Afraid to be lumped together with such “Donya” guests, I chose, unknowingly, to gag myself.
I didn’t speak up — even if and especially when I already needed to assert my rights as a guest.
I kept mum even if I should have been asking, if not demanding for services and privileges that’s rightfully deserving of and should be accorded a guest.
Earlier on, the owner had already expressed her reservations about what she perceived of me and my standards. She was so afraid that I wouldn’t like the resort’s rustic setting — which is, ironically, the very reason why I chose it! It’s understandable though that many find it incomprehensible how I could choose a native cottage as my dream house. But it is who I am!
So, my covert message to them —
No, I’m not like your other guests that you complain about. I’m different. I’m not a whiner. I’m not a difficult guest. I know how to get along. I’m easy to please. I’m not high maintenance. I have simple needs. I’m not a “Donya.”
Can you see where I’m going with this?
I was overly concerned with proving them wrong. My fear of criticism curtailed my own freedom of self-expression.
I wanted to fit in. To belong. I was afraid to be rejected — just as I was when I was born 52 years ago.
In other words, I was, once more, looking for….
Approval. Appreciation. Acceptance.
These are three of the 5A’s that a child needs for healthy emotional and psychological development. (The two others are Affection and Affirmation.)
Needs that if unmet during childhood, will result in issues and destructive behaviors and unhealthy patterns later in adult life.
Needs that if unmet result in deep wounds.
And when the wounded individual is unaware of them and allows the wounds to have power over them, such wounds will make the wounded person hurt and wound another. Unhealed wounds or those that are not attended to will also make the wounded individual inflict pain upon one’s self.
All these needs — all five of them — weren’t met during my childhood which resulted in deep emotional wounds in my psyche.
I’m being reminded to assert myself and ask for what I want, need and rightfully deserve — be it as a guest or not, and be it in this resort or anywhere else I end up in my future travels and destinations.
Assert myself I will and I must — in a respectful way — as a human being. Period.

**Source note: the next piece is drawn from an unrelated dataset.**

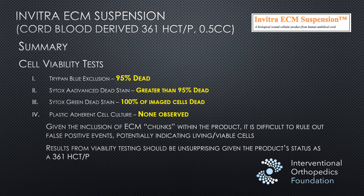In summary: the TriPan Blue exclusion test showed 95% dead, the Cytox dead stain showed 95% dead, another test showed 100% dead, and we saw no cells that were able to be grown out at all from this sample of Invitra. Bottom line: this is a dead cell product. Anyone using this product and telling patients they are injecting live, viable stem cells is committing consumer fraud.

Regardless if doing so would make others perceive me a “Donya,” or any other labels and judgments that may be hurled at me!
Who cares, right? And so what, right?
It may easily be a non-issue to others, but it is my core wound, remember? And the Universe, thankfully, has just given me a timely reminder and much-needed nudge.
I need to allow myself to freely and joyfully express who and what I truly am — with no reservations, no justifications, no explanations, no excuses. And with the sheer intention of expressing myself.
And for me to do so wherever I may be, and with whomever I may be interacting — be it amongst like-minded’s (aka fellow ‘deviants’ who can easily get me) or those who are clueless about my make-up.
Whether or not people get me — and not many will or do — I simply need to give myself permission to beam my Light simply by being who I am.
Being too hard on myself is a pattern that I still find myself falling in and out of.
However, rather than berate myself, I’m reminding myself instead that it is inherent in this journey towards balance and integration that issues come up, over and over again. It is a concept that I get intellectually but have yet to truly embrace and embody.
“One of my teachers once described this process as moving up a spiral. Every time you come around to the same place you’re a little higher up, a little better at recognizing it, a little better at coping, until you’re finally looking down from so high up it’s a tiny thing. But sometimes I have that, “am I just doing it wrong?” feeling. I’ve also noticed that sometimes after I feel I’ve completed an issue it comes around again a time or two and then, when I handle it well — or sometimes say to the Universe, “I think I’m done with that one now:–it seems to fade away.”
Perhaps, that’s what I need to start doing — declare to the Universe that,
“I’m done with this now!”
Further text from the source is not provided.